Agir en somme pour mieux comprendre et mieux répondre aux souffrances des intéressé(e)s. Pour une large part la fibromyalgie demeure un mystère physiopathologique. « La fibromyalgie reste un mystère quant à sa pathogénie. Plusieurs voies de recherche sont explorées : quel rôle joue le stress ? Les virus ? La génétique ? Les neurohormones ? » résument, sur le site Orphanet, le Pr François Blotman (service de rhumatologie Hôpital Lapeyronie , Montpellier) et le Dr Marie-Claire Jasson (chef de service honoraire d’anesthésie – réanimation Centre Hospitalier, St Germain en Laye).

Faute de lumières physiopathologiques, la thérapeutique est en souffrance et les controverses prospèrent. «On ne peut pas reprocher aux médecins de prescrire des psychotropes, ils utilisent ce qu’ils peuvent pour agir sur la douleur de leurs patients !» estime Catherine Lemorton (PS, Haute-Garonne), présidente de la commission des affaires sociales, citée par Libération.

Mal qui ne se voit pas

Passer du « syndrome » à l’entité « maladie » ?  «Cela permettrait aux patients de comprendre ce qu’ils ont, et pourquoi ce mal ne se voit pas. Peut-être que certains soins que l’on donne aujourd’hui sont bons, mais peut-être aussi qu’on apprendra qu’il ne faut pas donner de médicaments», explique le député Patrice Carvalho. A ce titre la commission d’enquête enquêtera : médecins, rhumatologues, neurologues et biologistes seront interrogés au cours des six prochains mois. Les résultats devraient être connus à la mi-septembre.

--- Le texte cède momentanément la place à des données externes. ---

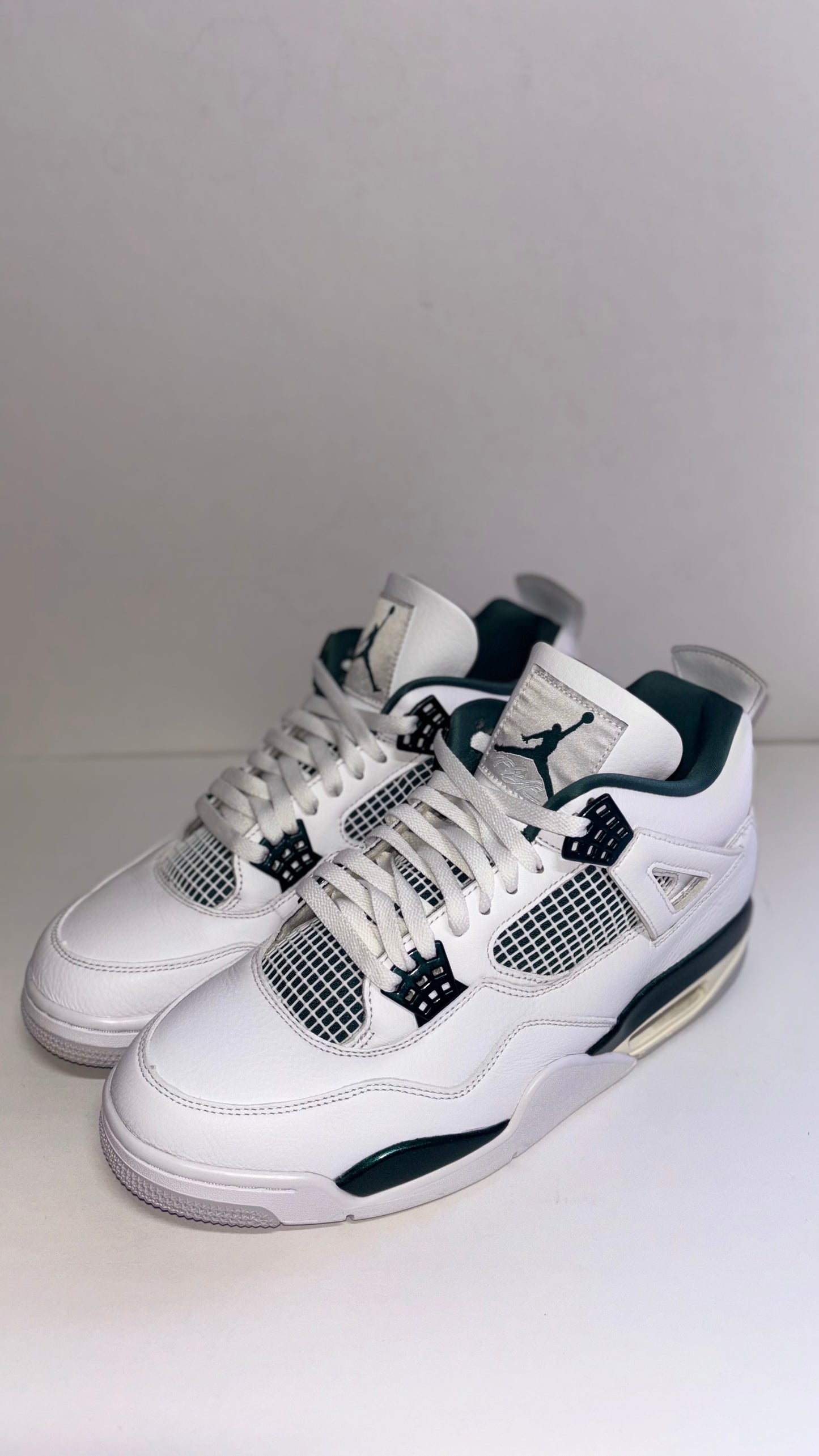 Jordan 4 “Oxidized Green”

Le Quotidien du Médecin (Damien Coulomb) observe quant à lui que le timing de cette commission d’enquête « interpelle » plusieurs membres d’associations de patients, dont Fibromyalgie France« Nous ne voyons pas bien l’intérêt de cette commission, alors que la HAS à déjà réalisé un important travail sur la fibromyalgie de l’adulte et que nous devons être reçus le 12 mai prochain par les membres de l’Inserm concernant leur expertise collective en cours de réalisation », estime Carole Robert, sa présidente. Cette « expertise collective » avait été annoncée par Marisol Touraine en mai 2015. Elle vise notamment à  fournir les bases scientifiques pour monter des projets de recherche et demander des financements.

Education thérapeutique

En pratique, Carole Robert observe des progrès depuis quelques années :

« Il y a toujours des « fibroseptiques », mais on nous écoute de plus en plus dans les congrès et le diagnostic s’est amélioré. Nous sommes régulièrement reçus au ministère lors d’échanges très constructifsLe Centre national des associations de fibromyalgiques a demandé un outil d’information pour évaluer le handicap dans la fibromyalgie qui sera bientôt mis à disposition des praticiens hospitaliers et des malades. Par ailleurs, les centres antidouleurs sont en train d’acquérir une expertise dans la prise en charge de la fibromyalgie et mettent en place l’éducation thérapeutique. »

Le Quotidien du Médecin rappelle qu’en 2009, l’Agence européenne du médicament (EMA) avait refusé d’autoriser la mise sur le marché dans l’indication de la fibromyalgie du Cymbalta ® (duloxetine) de Lilly et du Lyrica ® (prégabaline) du géant Pfizer, alors que ces deux spécialités disposent d’une AMM dans cette indication aux États-Unis. « Le Lyrica ® est maintenant tombé dans le domaine public, nous savons que l’AMM ne sera plus demandée », déplore Carole Robert. La commission d’enquête fera-t-elle la lumière sur ces mystères des marchés pharmaceutiques ? On peut, sans trop y croire, l’espérer.